Avec cette 5e édition, très justement intitulée « Les Frac à l’air libre », ceux-ci reprennent l’initiative en multipliant les propositions en tout genre : rencontres « en extérieur » avec les collections, rendez-vous en ligne, invitations lancées à des personnalités extérieures, lancement du site internet lesfrac.com…. Bien entendu, l'ensemble de ces événements va avoir lieu dans le plus strict respect des règles sanitaires en vigueur. Le point avec Vitalie Taittinger, présidente de Platform, l’association qui regroupe les 23 Frac.
WEFRAC est le temps fort annuel des Frac. Dans le moment de crise sanitaire que nous traversons, comment l’événement a-t-il pu se réinventer ?
Pendant longtemps, ce rendez-vous est resté incertain. Puis, finalement, nous avons réalisé que le contexte actuel nous donnait l’opportunité de repenser la manifestation. Depuis quelques années, en effet, nous observons que les Frac sont souvent perçus par le public comme un bâtiment – un « musée » – abritant des collections d’art contemporain. C’est en partie le cas, mais on oublie bien souvent une autre des spécificités des Frac : nos collections ont vocation à être mobiles, ce qui nous permet de maintenir un volume d’activités plus important. C’est pourquoi, à l’occasion de cette édition, nous avons souhaité mettre l’accent sur tout un pan de notre activité : les actions hors-les-murs.
Le deuxième axe - que les institutions culturelles ont à vrai dire toutes en partage - c’est l’accélération numérique. Nous n’avons cessé ces derniers mois de développer la médiatisation des œuvres via les canaux digitaux. Nous n’en sommes qu’au début, mais beaucoup de choses ont d’ores et déjà été faites. Ce week-end des Frac « à l’air libre » combine donc actions hors-les-murs et digitales. Avec l’idée de reprendre la main sur certains espaces de liberté.
Des invitations ont également été lancées à des personnalités extérieures – écrivains, comme Marie Nimier ou Bruce Begou, scientifiques, comme Nicolas Lévy, tant d’autres… – qui porteront un regard différent sur la création.

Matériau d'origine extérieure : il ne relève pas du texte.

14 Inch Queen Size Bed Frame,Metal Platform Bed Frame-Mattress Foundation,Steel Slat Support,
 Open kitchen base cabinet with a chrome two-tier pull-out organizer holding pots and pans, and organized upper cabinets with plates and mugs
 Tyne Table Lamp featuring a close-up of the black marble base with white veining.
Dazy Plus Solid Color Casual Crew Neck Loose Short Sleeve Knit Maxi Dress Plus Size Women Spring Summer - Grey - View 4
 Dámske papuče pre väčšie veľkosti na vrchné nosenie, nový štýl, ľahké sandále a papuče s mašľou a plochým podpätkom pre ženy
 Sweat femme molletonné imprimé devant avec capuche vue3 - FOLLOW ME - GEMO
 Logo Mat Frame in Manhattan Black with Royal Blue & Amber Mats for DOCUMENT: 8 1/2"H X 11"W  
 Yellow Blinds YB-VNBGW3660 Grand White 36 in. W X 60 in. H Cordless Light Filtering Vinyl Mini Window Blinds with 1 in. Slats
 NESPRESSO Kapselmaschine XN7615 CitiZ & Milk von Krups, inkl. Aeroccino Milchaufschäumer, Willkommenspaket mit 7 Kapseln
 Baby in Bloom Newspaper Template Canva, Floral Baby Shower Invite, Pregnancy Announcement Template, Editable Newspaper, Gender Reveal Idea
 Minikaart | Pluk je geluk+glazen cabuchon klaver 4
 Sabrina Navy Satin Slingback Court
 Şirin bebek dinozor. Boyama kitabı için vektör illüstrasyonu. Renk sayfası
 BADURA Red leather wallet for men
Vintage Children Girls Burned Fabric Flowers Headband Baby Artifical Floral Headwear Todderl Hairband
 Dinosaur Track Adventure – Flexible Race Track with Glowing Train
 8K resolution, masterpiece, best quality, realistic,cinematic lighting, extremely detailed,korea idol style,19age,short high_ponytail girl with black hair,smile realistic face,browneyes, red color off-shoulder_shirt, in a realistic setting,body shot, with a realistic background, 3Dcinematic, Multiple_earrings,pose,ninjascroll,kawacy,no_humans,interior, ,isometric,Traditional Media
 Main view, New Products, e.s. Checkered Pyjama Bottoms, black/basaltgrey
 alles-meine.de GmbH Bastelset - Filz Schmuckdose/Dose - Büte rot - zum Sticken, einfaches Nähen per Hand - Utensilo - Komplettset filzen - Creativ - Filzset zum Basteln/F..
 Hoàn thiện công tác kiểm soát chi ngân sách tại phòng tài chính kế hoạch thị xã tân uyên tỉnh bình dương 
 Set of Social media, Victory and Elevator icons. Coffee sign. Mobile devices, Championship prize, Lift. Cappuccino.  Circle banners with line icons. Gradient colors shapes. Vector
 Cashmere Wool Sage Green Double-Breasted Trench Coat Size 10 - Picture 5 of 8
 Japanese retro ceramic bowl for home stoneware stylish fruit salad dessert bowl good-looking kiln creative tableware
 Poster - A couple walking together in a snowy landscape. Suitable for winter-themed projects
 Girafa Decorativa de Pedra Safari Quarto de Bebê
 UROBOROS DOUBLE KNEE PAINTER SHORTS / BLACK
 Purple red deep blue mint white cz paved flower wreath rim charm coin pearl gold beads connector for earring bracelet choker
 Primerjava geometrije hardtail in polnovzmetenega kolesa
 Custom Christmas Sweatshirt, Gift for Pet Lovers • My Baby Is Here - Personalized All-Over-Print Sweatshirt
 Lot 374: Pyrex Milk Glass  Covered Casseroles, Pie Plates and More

Wefrac est une fête, or il n’y a pas de fête sans invités. C’est la troisième année que nous invitons des personnalités extérieures au monde de l’art. Leur regard sur l’art contemporain, en raison de leur talent, et plus largement du monde auquel elles appartiennent, est une source d’enrichissement pour les artistes et le public.
Par ailleurs, indépendamment de ces personnalités, il y a des gens qui viennent de tous les milieux. Le Frac Champagne Ardennes par exemple invite une traductrice en langage sourd et muet, le Frac Occitanie, un chorégraphe, le Frac Nouvelle-Aquitaine, un skateur… Les regards sont multiples. On peut arriver à l’art quel que soit son bagage. Cette diversité démultipliée permet à plus de gens de se reconnaître dans ce projet.
Cette édition est l’aboutissement d’une réflexion et d’une pratique sur l’année écoulée. Comment les Frac ont-ils vécu cette année ? Les programmes d’acquisition d’œuvres ont-ils pu êtres maintenus ?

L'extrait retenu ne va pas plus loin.